“Me fuiste acostumbrando a que el café en la mañana siempre supiera amargo, a que los días de lluvia se nos hicieran largos, tu convertías en negro todo lo que era blanco”, así comienza la letra de una canción de Kany García, quien, con algo de gracia, relata una historia sobre la necesidad de tener autoestima frente a relaciones tóxicas.
Suelo escucharla en las mañanas de camino al trabajo por el gusto que tengo por la cantautora. Confieso que canto a todo pulmón la canción, que de hecho se llama DPM (de pu#% madre) y al tararearla, parece que quisiera dedicársela a quien me ha hecho ver a Ibagué fea, acabada, destruida.

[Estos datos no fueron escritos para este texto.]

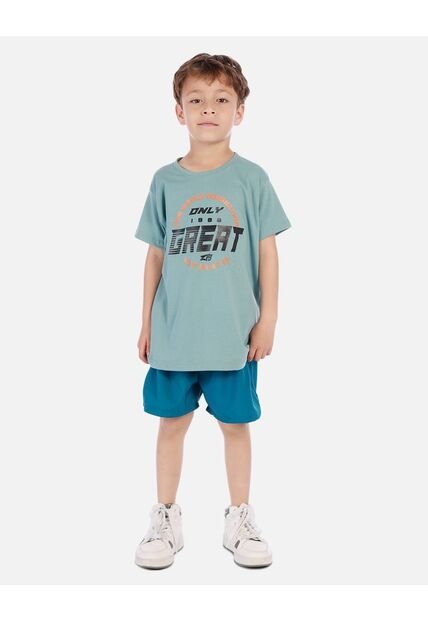 Conjunto Para Niño Con Camiseta Estampada Y Short Deportivo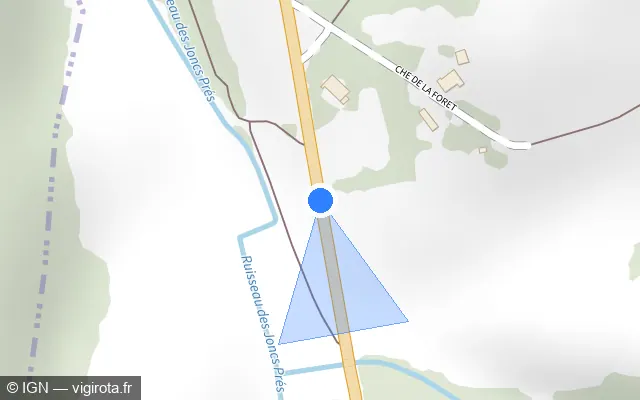 Vue plan de l'emplacement du radar tourelle à Menotey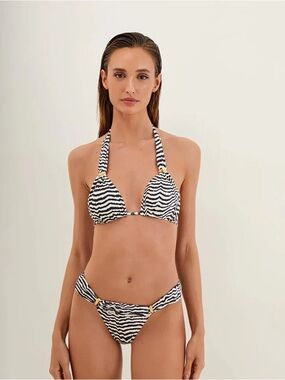 Black & White Wave-Print Halter Bikini Set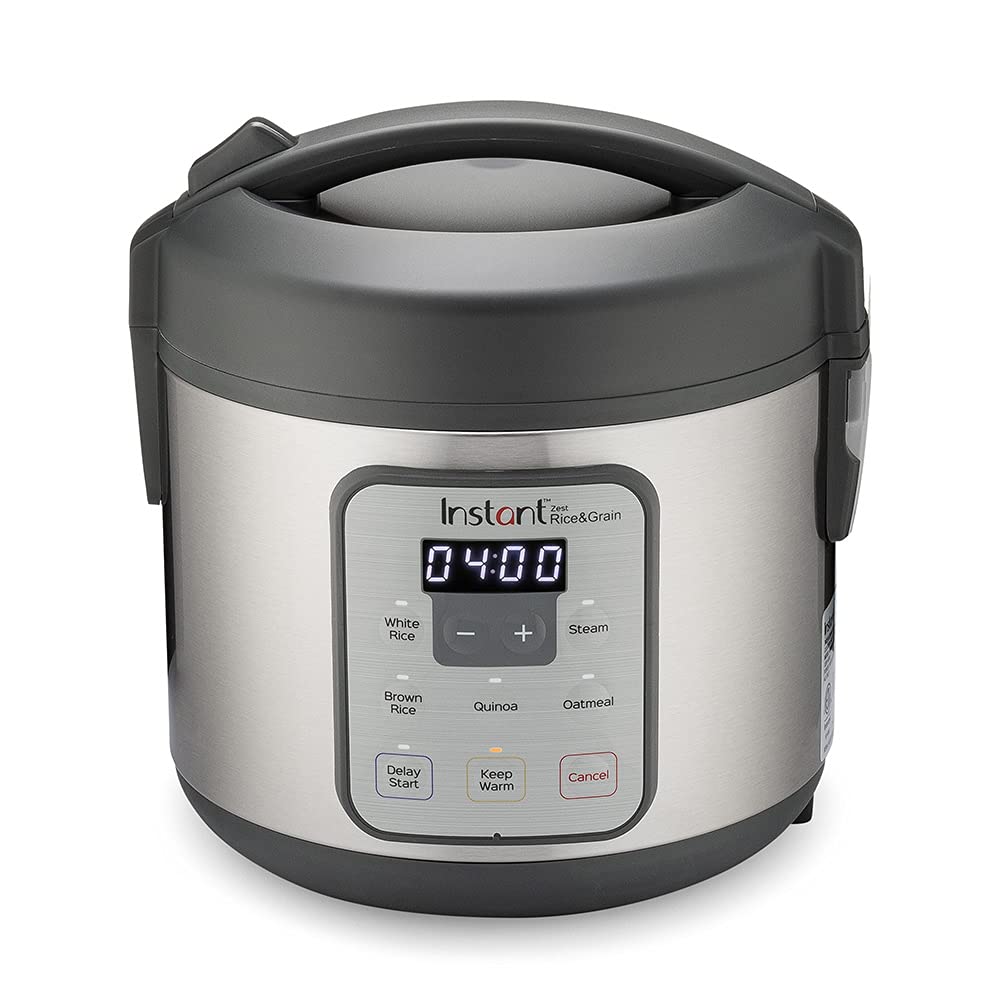Instant Zest Rice And Grain Cooker 8 Cups Cooked (4 Cups uncooked), 6 One Touch Smart Program, Non Stick Ceramic Inner Pot, Inp 140 5010 01 Gc, Black And Stainless Steel.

Me siento ‘entusada’ con mi ciudad, envuelta en una relación de esas que los más jóvenes denominan “tóxicas”, pero no con mi querida Ibagué, sino con quienes toman decisiones por ella y, en esa ruleta, por todos.
En el trayecto se ha hecho inevitable no vociferar alguna grosería, cada vez que caigo en un hueco o me encuentro en un trancón, las dos cosas comunes en estos tiempos en la ciudad.
La relación con quienes nos gobiernan tiene las características típicas de una “relación tóxica”, en la que sucede más o menos lo siguiente: una parte sufre (los ciudadanos) mientras él/ellos disfrutan, llega un momento en que perdemos la capacidad de controlar las decisiones que nos afectan y él/ellos lo aprovechan, caemos en la dinámica peligrosa de dejar hacer lo que él/ellos quieran con nosotros. Finalmente, normalizamos el abuso, caracterizado por las prácticas clientelistas, las negligencias, la incompetencia y hasta el abandono.
Los que gobiernan suelen no reconocer sus debilidades e incluso se enfadan cuando se ven expuestos a la opinión pública por los errores que cometen, porque no aceptan culpa, ni se disculpan. Dicen que no se burlan de ninguno y menos de la justicia, pero sus acciones están muy lejos de sus palabras. El resultado es que con el tiempo minimizamos los problemas de la ciudad.
Cuando te enseñas a vivir mal, a verlo todo mal, a convivir entre el desastre, solo a quejarte, y a no reconocer que lo malo no es tan bueno, pues pasan cosas como las que suceden en Ibagué. Somos el reflejo de la terrible debilidad de nuestras instituciones más importantes.
Los espacios de opinión mediados por los likes u otras reacciones en las redes sociales, parecen ser el único modo en el que expresamos nuestra terrible inconformidad con las maneras en que se administra nuestra ciudad, pero esa no es la solución a los problemas.
Realmente el llamado es a denunciar, a no contestar desde la indiferencia con las prácticas que puedan constituir corrupción o ausencia de transparencia; hay que hacerlo, hay que intentarlo, así encontremos muros. Hay que forzar mayores resultados de los organismos de control y mayor vigilancia en la administración de los recursos, hay que pedir transparencia en la ejecución de todo por lo que pagamos con creces, para no sentirnos burlados, como siempre.
Hace unos días una amiga me decía que era mejor no escribir sobre esto, que era políticamente incorrecto tomar estas posturas, que con el tiempo podría estar en una posición en que necesitara de quienes ahora crítico, a lo que contesté: por supuesto, de esto se trata, de “incomodar”, porque cuando se incomoda se obtiene de la gente solo dos cosas: o lo peor de ellas o su mejor versión, y yo sinceramente anhelo ver la mejor versión de todos, considero que están a tiempo de hacerlo bien y humildemente por la ciudad.
Ahora, si se les llegara a necesitar (situación que no quisiera) tendré que asumir dos cosas: que se me juzgue por mi actual juicio o que se me dé la oportunidad de mostrar una mejor versión desde la banca. De cualquier modo, seguir bajo la premisa de lo políticamente correcto es lo que nos tiene amilanados en el conformismo con lo que está funcionando mal.
Hoy más que nunca Ibagué nos duele, nos duele mucho, pero quizá sea el tiempo de recuperar su valor, y con él nuestra propia estima como ibaguereños.